All of these sources of wastewater in each of our homes and businesses combine into a pipe that exits our property. This is often referred to as a side sewer or sewer lateral, and is generally 4-8″ in diameter. Each of these side sewers dumps into the sewer mains in our streets which are generally 8″ and larger in diameter. You have all no doubt seen manhole covers in the streets that have “SEWER” written on them. These are cylindrical concrete structures, generally at least 4-feet in diameter and as deep as 20 feet, that have sewer mains coming in and out of them.
I’ll use the PG version, but we in the public works industry know the phrase “crap rolls downhill” as more than just a metaphor for inheriting your bosses problems, it’s how sewer systems work. We design sewer systems to take advantage of gravity as much as possible by allowing all of the wastewater in the pipes to flow downhill. If the topography of the area can accommodate it, it will continue to flow by gravity to point where it will be treated. If not, it will need to be pumped to where it needs to go. Sewer mains that have pumped wastewater in them are called force mains. The pumps are “forcing” the wastewater to go uphill.
The City of Edmonds has three pump stations, 168 miles of sewer mains, 3,300 manholes and about 9,300 connections from homes and businesses.
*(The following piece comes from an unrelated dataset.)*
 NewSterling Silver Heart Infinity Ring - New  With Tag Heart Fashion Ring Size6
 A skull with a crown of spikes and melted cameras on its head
The original sewer system in Edmonds was constructed prior to 1920 and as a combined storm and sanitary sewer system, discharging untreated wastes in the the Puget Sound. During the 1950’s efforts were made to separate the storm system from the sanitary sewer and in 1957 the Wastewater Treatment Plant was constructed near 2nd and Dayton. Currently the majority of the wastewater is treated at the Edmonds Wastewater Plant while wastewater from the north part of the City flows to the Lynnwood Wastewater Treatment Plant.
There are five steps that happen at the Edmonds Wastewater Treatment Plant to clean the wastewater:
When the wastewater enters the facility it goes through a 1/4″ screen to remove all large objects like cans, rags, sticks, rocks, plastic packets etc. carried in the wastewater stream.
These are tanks that are used to settle sludge while grease and oils rise to the surface and are skimmed off.
Aeration Basin for Biological Treatment
This process involves air or oxygen being introduced into the wastewater combined with organisms to develop a biological floc composed of bacteria and protozoa which reduces the organic content of the wastewater. In other words, this process helps all the tiny particles clump together so that they settle out and can be removed.
Additional tanks that are used to settle out sludge and solids produced during the biological treatment.
The primary purpose of chlorination at the EWWTP is disinfection (removal of disease causing pathogens).
After the wastewater is treated, it is discharged through a 48-inch pipe which eventually reduces to a 36-inch pipe prior to entering the Puget Sound. At Olympic Beach the pipe divides into two separate 36-inch outfall lines that discharge the treated wastewater about 800-feet offshore.